Melanie Simms, professor of work and employment at Glasgow University, says that as young people typically move on from less formal retail and hospitality jobs, they are as likely as any age group to be union members in the sectors with higher membership reach. That is true across countries.
Until then, their experience of the gig economy, she says, is far beyond the understanding of older workers in professional jobs, where the workplace agenda is more likely to be about shifting to a four-day week without loss of pay, and about flexible working from home.
"The likelihood that you would want to negotiate for lower hours is not high," she understates. "A four-hour day without loss of pay would require a big bump to your hourly pay.
"Tight labour markets can help but they're transient and fleeting. They don't last that long, and governments can change migration policy to get a stronger supply of labour."
Older professional workers are only becoming aware of this when their kids join the labour market, says Simms, and some of them can be stunned by what is required: "Being rung at 6 o'clock at night to turn up at 6.30.
"It doesn't take much to look like a really good employer. If you're getting four-week advance notice of shifts, that looks like gold standard.
"Employers consult and engage, but the structure of capital is strongly against that, if your employer is owned by a large corporate or private equity, or you've got plants incentivised to compete with each other."
Where unions are highly regulated by laws introduced in the past 40 years, employment law is far less regulated, says the employment expert: "The boss just has more power."
Economic transformation
She is in favour of a shift to a system familiar to Germans, in which sectoral pay deals take their lead from one employer or plant, and negotiate on the differing conditions and profitability in other cases.
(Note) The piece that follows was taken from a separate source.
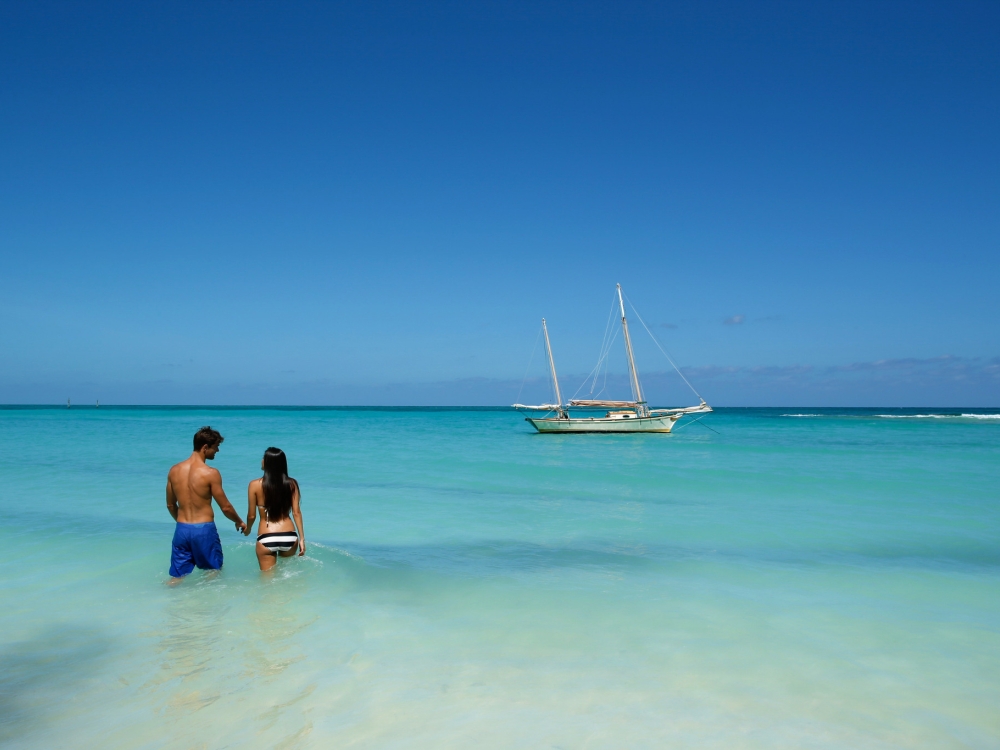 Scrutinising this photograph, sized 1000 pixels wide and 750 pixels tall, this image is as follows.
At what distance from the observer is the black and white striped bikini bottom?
6543 mm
But while there isn't the negotiating structure, or any legal enforcement, that seems unlikely under a Conservative administration at Westminster. Labour is looking at it, however, and the STUC can be expected to add momentum to the idea during this week.
Scottish Labour leader Anas Sarwar speaks to the STUC conference on Tuesday.
It will hear from Nicola Sturgeon today. In recent years, that relationship with St Andrew's House has worked well. Less so now.
The organisation's general secretary, Roz Foyers, played a part in drawing up the Scottish government's new "strategy for economic transformation", but attacked it as it was published for failing to take a more radical approach to changing the way the labour market works.
From running railways, shaping the National Care Service to health service pressures, plus levels of funding for local council social work and teacher pay, When trade unions and the Scottish government meet, they have a full and increasingly difficult agenda.